= Leonard Fell =

English Quaker

Leonard Fell (died 1700), was an English Quaker.

==Biography==
Fell was the son of Thomas Fell of Beckliff, Lancashire (now Baycliff, Cumbria), and in his early life gained a position of trust in the household of his relative, Thomas Fell, at Swarthmoor. He became a Quaker in 1652; between 1654 and 1657 he was repeatedly sent to prison for interrupting services, and in 1661 was imprisoned for a religious offence at Leicester. Most of his time was spent preaching excursions, although he retained his situation at Swarthmoor until at least 1665, when he was imprisoned in Lancaster Castle for being at an illegal conventicle. He also owned some property in Addingham, Cumberland; in 1666 he was sent to prison at the suit of the vicar of Addingham for refusing to pay tithes, but was discharged within two weeks following the vicar's death.
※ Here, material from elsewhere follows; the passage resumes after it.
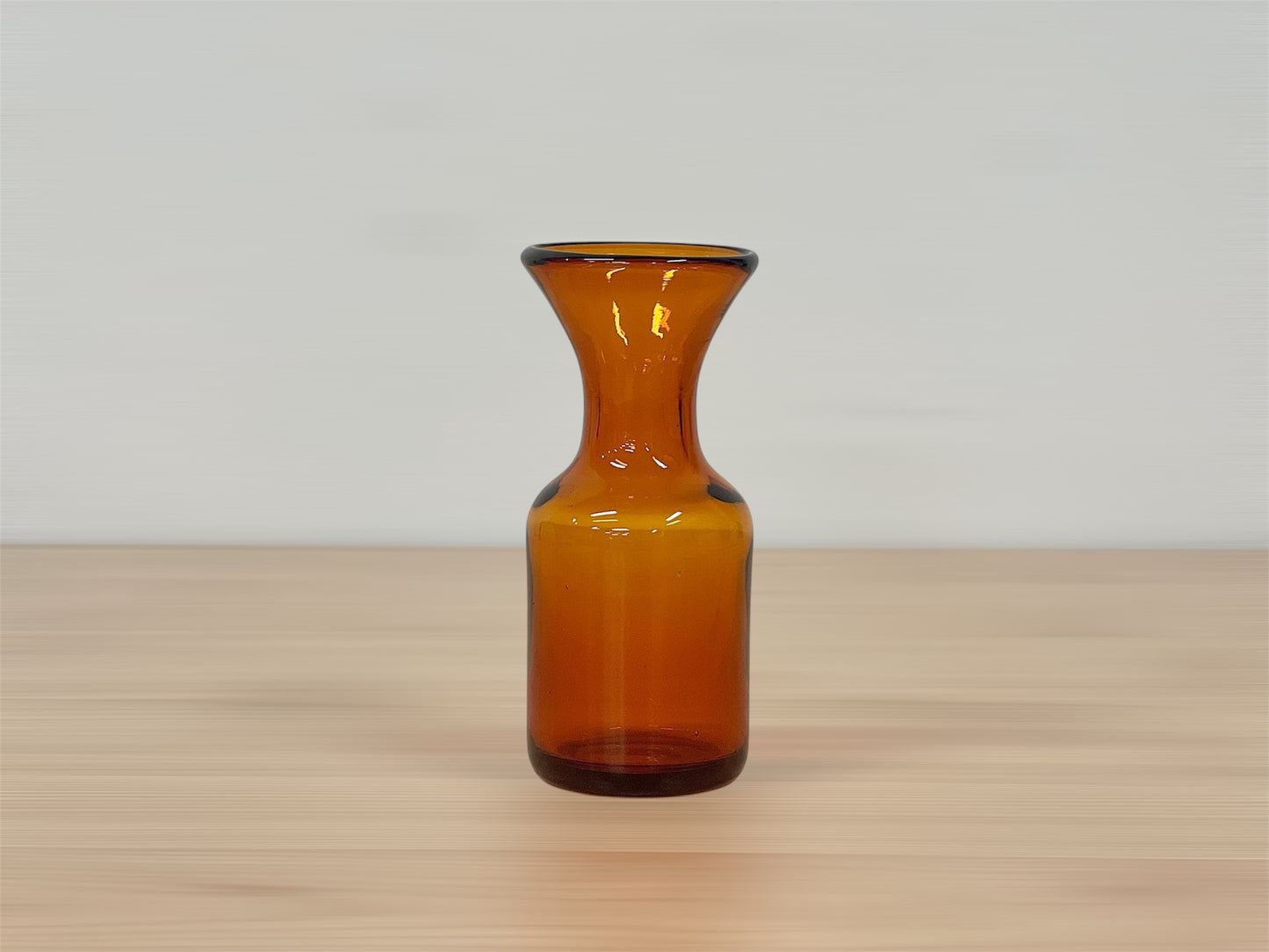 bild-framifrån-erik-höglund.konstglas-vas-brun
Fell was sentenced to a long imprisonment in 1668 for attending a meeting at Swarthmoor and then refusing the oaths. In 1672 he was again imprisoned for refusing to pay tithes to Theo Aimes, vicar of Baycliff, but was released for a second time due to the death of his suitor. He was fined for preaching at a meeting on the shore of Lake Windermere, and again two years later by the justices of Westmorland for the same offence. In the intervals between his imprisonments he was engaged in ministerial work, chiefly in the northern counties and in Wales, and his preaching was said to have been "of an earnest and loving character rather than argumentative or doctrinal". In September 1684 he was sent to prison for more than a month for absenting himself from the parish church, and immediately after his release was again arrested and incarcerated for about eight weeks for the same offence.

In 1699 Fell went on a preaching tour in northern England with Benjamin Holme and Joseph Kirkbride. He died while on a preaching excursion at Darlington in 1700, having been a minister nearly 50 years.

==Personal life==
Fell is known to have been married, but had no family, and little education. According to the Dictionary of National Biography, "his character was amiable rather than strong, but on occasion he could be fearless. It is said that being once plundered by a highwayman, he said that though he would not give his life for his horse or money, he would for the robber's soul, whereupon the man returned both horse and money".

==Works==

- The Persecution of them People they call Quakers in several places in Lancashire (with W. Adamson), 1656.
- An Epistle for the Strengthening and Confirming of Friends in their Most Holy Faith, 1670.
- A Warning to England in general and the cities of London and Bristol in particular, 1693.
- My Testimony to my Dear, True, and Well-beloved Friend and Father in Christ, George Fox, written 1691, printed 1706.